Evane: Um dos pontos controvertidos é o aparente conflito com a lei de improbidade (8.429/92), a lei de licitações (8.666/93) e a lei de defesa da concorrência (8.884/94). Por exemplo, na lei de licitações, as sanções pelas condutas ilícitas são aplicáveis somente em face das pessoas físicas. Igualmente, a legislação atual imputa responsabilidade subjetiva aos agentes (ou seja, deve ser comprovada a culpa dos envolvidos), ou ainda, muitas das infrações previstas na lei já estão presentes na lei de improbidade (8.429/92), a lei de licitações e a lei de defesa da concorrência. Portanto, não resta claro qual norma deverá ser aplicada diante de uma situação que possa representar uma infração tanto a lei anticorrupção quanto à legislação existente. A questão de legislação aplicável tem reflexos imediatos nas sanções a serem aplicadas: na hipótese de um ato representar uma violação tanto à lei anticorrupção quanto à lei de licitações, deverá ser aplicada a declaração de inidoneidade da lei de licitações ou da lei anticorrupção?

Outro ponto controvertido é a possibilidade de dissolução compulsória da pessoa jurídica, que se afigura como sanção severa e, quiçá, irreversível, semelhante à pena capital à pessoa jurídica.

Por último, para o alcance de resultados eficazes de combate à corrupção, no regime da responsabilização objetiva, que independe da culpa, bastando, assim, a existência do fato, a aplicação da lei deve levar em conta conduta tipificadas exaustivamente, bem como competências taxativamente definidas das autoridades responsáveis pelos procedimentos administrativos sancionatórios, sob pena de, ao contrário de fomentar as boas práticas coorporativas, venha a norma a se tornar um instrumento (polarizado, maniqueísta e ineficiente) de "combate" a todo aquele que contrate com a Administração Pública.

4. E o que pode ser dito acerca dos vetos?

Evane: No primeiro veto, a presidente retirou do texto o trecho que limitava o valor da multa aplicada às empresas ao valor do contrato. Fica mantida a redação que prevê a aplicação de multa de até 20% do faturamento bruto da empresa, ou até R$60 milhões, quando esse cálculo não for possível.

O dispositivo vetado poderia dar maior equilíbrio ao caráter indenizatório das punições, sem ultrapassar esta finalidade.

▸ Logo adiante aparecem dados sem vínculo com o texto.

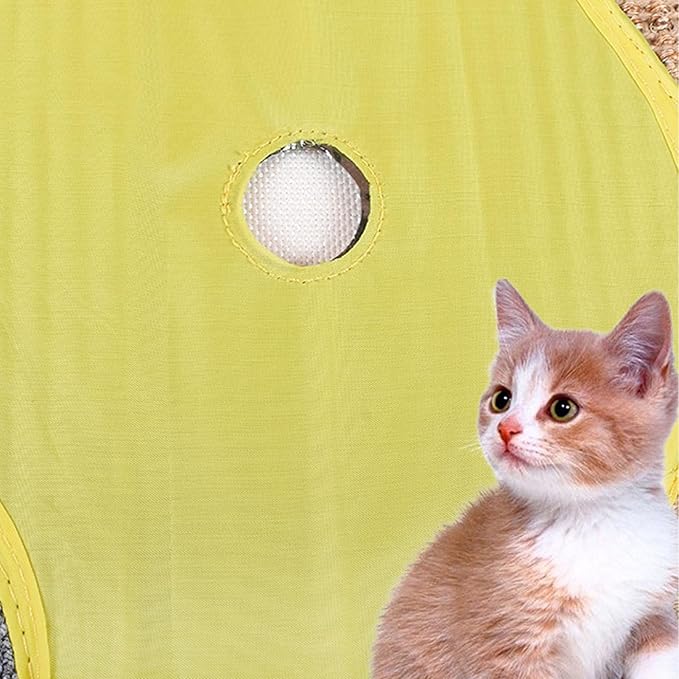 Cat Scratch Play Mat, Cat Crinkle Mat Sisal Multifunctional Safe Interesting for Pet Supplies for Sleeping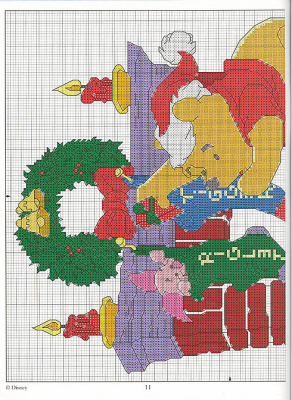 Leisure Arts. Pooh Merry Christmas to You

No segundo veto, o governo retirou da lei o trecho que tratava da necessidade de comprovação de culpa ou dolo para aplicar sanção à empresa. O veto está em sintonia com o regime de responsabilidade objetiva da pessoa jurídica, mas se manteve a subjetivação da responsabilidade no tocante às pessoas físicas (art. 3º § 2o Os dirigentes ou administradores somente serão responsabilizados por atos ilícitos na medida da sua culpabilidade).